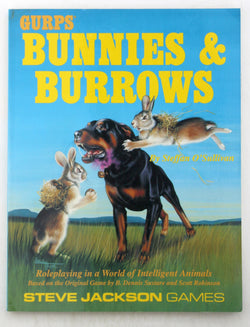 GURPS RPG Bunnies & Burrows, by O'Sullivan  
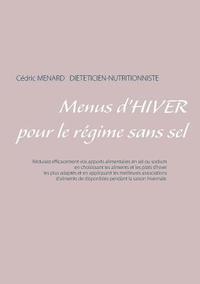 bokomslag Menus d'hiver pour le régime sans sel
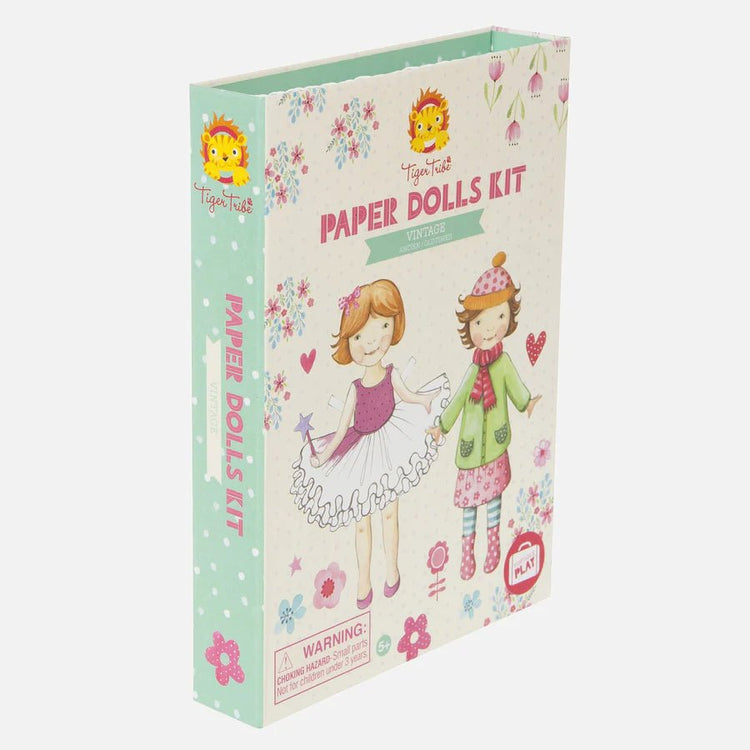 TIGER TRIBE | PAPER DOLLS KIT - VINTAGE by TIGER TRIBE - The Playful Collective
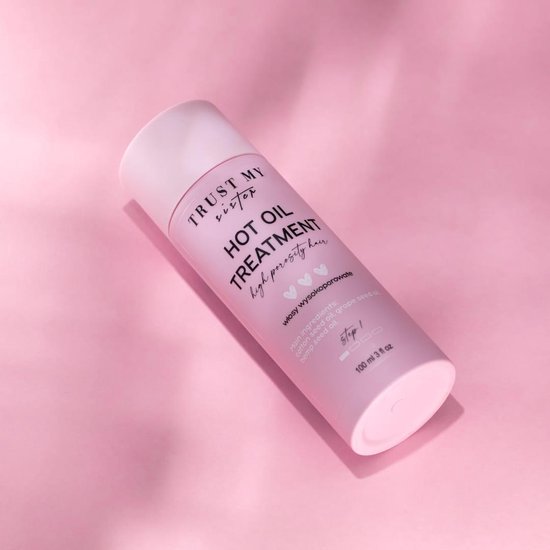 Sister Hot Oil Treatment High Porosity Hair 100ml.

- _Task_
Please return the lines above exactly, with the pictures omitted.

- _Exercise result_
 GURPS RPG Bunnies & Burrows, by O'Sullivan  
 bokomslag Menus d'hiver pour le régime sans sel
 TIGER TRIBE | PAPER DOLLS KIT - VINTAGE by TIGER TRIBE - The Playful Collective
 Sister Hot Oil Treatment High Porosity Hair 100ml.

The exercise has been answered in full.